L'essor de l'imprimerie place définitivement au second plan la mnémotechnique : le savoir est désormais consigné et archivé. Avec le temps, les bibliothèques, mémoire collective de notre passé, de notre savoir, prennent le relais et soulagent notre mémoire de tous ces savoirs qui, il faut bien l'admettre, ne peuvent tous être maîtrisés par une seule personne.
D'autres techniques, rapprochant l'information de l'image vont cependant naître. Ainsi, au 16ème siècle apparaît le premier code imagé, qui consiste à créer des analogies. Par exemple, le A s'apparente avec un compas, le 2 avec un cygne. De ces nouvelles techniques va naître une table de rappel, attribuée à Pierre Hérigone, mathématicien qui, le premier, abordera le sujet dans un chapitre de son livre Cours de mathématiques. Qu'est-ce que le code chiffre lettre ? Tout simplement un procédé qui permet de coder les chiffres en lettres. Ainsi, 1 se code « p » pour la consonne ou « a » pour la voyelle. Cette façon de faire permettait de créer des « mots », plus faciles à mémoriser que les chiffres. L'application de cette technique concernait principalement les dates.
Une table de rappel pour aider la mémoire
Plus tard, au 19ème siècle, Grégoire de Feinaigle, mnémoniste réputé, contribue à l'essor du code chiffre lettre à travers des démonstrations, des cours et des conférences dans toute l'Europe. C'est pourtant un français, Aimé Paris, passionné de sténographie qui donnera au code chiffre lettre ses lettres de noblesse, en y impliquant des consonantiques en lieu et place de consonnes arbitraires. La mnémotechnique, face aux avancées de l'imprimerie notamment, mais aussi culturelles, va perdre petit à petit de sa superbe : le déclin, amorcé dès le début du 19ème siècle va s'accélérer et tomber peu à peu dans l'oubli.
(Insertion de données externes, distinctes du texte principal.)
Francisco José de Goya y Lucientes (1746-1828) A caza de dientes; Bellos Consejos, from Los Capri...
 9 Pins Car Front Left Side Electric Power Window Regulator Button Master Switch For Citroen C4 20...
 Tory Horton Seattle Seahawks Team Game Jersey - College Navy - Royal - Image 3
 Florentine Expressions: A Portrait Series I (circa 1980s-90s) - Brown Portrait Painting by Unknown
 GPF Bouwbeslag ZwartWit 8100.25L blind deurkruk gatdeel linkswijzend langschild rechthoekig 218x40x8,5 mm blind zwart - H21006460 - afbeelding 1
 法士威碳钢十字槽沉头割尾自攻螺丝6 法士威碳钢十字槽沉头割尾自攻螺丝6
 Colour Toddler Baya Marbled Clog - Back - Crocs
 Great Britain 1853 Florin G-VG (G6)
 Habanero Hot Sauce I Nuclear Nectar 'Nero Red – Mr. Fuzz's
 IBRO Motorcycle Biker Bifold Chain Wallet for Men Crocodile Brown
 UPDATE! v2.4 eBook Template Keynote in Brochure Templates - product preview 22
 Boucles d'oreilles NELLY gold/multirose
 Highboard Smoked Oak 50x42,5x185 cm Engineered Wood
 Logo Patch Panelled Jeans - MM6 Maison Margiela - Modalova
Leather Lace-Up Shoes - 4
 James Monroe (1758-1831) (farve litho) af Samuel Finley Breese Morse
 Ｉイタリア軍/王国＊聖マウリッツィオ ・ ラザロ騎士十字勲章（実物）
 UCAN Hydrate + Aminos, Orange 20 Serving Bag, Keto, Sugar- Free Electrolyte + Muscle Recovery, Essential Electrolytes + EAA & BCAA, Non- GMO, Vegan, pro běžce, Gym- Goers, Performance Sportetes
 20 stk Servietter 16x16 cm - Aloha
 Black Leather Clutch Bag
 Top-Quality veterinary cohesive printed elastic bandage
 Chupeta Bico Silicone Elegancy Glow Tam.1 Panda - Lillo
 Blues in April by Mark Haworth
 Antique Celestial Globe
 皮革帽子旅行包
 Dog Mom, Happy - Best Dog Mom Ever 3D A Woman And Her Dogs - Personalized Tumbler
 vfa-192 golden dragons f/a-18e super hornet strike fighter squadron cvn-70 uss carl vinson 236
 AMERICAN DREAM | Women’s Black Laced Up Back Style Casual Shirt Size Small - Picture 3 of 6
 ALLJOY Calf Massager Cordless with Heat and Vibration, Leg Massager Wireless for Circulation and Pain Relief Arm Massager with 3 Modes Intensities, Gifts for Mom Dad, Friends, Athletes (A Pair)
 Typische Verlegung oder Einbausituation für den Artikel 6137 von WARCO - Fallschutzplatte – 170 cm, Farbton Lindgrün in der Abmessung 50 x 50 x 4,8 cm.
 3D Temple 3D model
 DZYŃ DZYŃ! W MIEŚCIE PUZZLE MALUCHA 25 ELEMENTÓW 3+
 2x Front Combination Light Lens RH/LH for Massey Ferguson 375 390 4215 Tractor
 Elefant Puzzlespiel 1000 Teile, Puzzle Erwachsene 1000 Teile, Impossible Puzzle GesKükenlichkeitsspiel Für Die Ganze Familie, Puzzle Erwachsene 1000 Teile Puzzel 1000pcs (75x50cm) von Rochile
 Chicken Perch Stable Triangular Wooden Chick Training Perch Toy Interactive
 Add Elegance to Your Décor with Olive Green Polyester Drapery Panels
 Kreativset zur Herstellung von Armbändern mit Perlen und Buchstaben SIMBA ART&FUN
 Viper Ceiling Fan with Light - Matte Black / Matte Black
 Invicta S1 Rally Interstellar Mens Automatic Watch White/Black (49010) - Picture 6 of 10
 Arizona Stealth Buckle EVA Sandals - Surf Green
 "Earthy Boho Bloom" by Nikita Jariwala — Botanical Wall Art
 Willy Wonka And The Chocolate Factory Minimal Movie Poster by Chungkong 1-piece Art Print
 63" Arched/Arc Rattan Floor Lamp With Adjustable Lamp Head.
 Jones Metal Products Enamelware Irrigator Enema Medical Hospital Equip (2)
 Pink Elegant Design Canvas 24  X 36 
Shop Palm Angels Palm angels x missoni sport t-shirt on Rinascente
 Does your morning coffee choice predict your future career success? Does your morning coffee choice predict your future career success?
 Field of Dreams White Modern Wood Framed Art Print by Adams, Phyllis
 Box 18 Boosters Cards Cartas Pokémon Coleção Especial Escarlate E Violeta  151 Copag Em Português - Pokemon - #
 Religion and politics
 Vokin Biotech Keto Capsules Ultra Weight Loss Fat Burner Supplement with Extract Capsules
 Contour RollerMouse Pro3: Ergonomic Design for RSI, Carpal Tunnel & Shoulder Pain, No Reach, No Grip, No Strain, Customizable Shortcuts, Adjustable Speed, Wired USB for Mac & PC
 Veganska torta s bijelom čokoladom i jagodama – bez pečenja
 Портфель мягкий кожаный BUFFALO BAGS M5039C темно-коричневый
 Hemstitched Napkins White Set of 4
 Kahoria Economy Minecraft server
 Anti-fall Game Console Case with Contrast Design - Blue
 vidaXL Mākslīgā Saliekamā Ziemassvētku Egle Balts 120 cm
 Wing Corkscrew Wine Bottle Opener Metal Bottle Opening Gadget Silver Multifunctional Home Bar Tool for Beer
Pour tout le monde ? Non, vous vous en doutez bien. En embuscade, des illusionnistes comptent bien tirer profit de toutes ces techniques à leur avantage. La reconversion de la mnémotechnique est assurée et perdure encore de nos jours.
La mémoire au music-hall
Fort de ses 17 000 000 d'exemplaires de livres vendus, dont 9.000.000 pour son seul ouvrage Comment développer une mémoire exceptionnelle, l'américain Harry Lorayne est aujourd'hui le plus connu des mnémonistes professionnels. Artiste de variété, magicien, il sillonne les Etats-Unis d'Amérique d'émissions en conférences, toutes sur ce thème : « Comment développer sa mémoire ». Mais bien avant lui, d'autres magiciens se sont intéressés aux prodigieuses capacités d'une mémoire entraînée. Parmi eux, deux frères : Ferdinand et Isidore Bonheur.
En 1874, alors que le mentalisme se développe un peu partout, notamment à travers de séances de « magnétisme », Isidore présente un numéro de Chronologie Universelle : sous l'influence du magnétisme, son sujet est amené à relater tous les faits historiques « qui se sont passés dans l'univers entier depuis plus de 2000 ans avant J.-C jusqu'à nos jours ». Simulation ou mnémotechnie, qu'importe : le thème d'une mémoire prodigieuse, en spectacle, est abordé semble-t-il pour la première fois. D'autres vont suivre.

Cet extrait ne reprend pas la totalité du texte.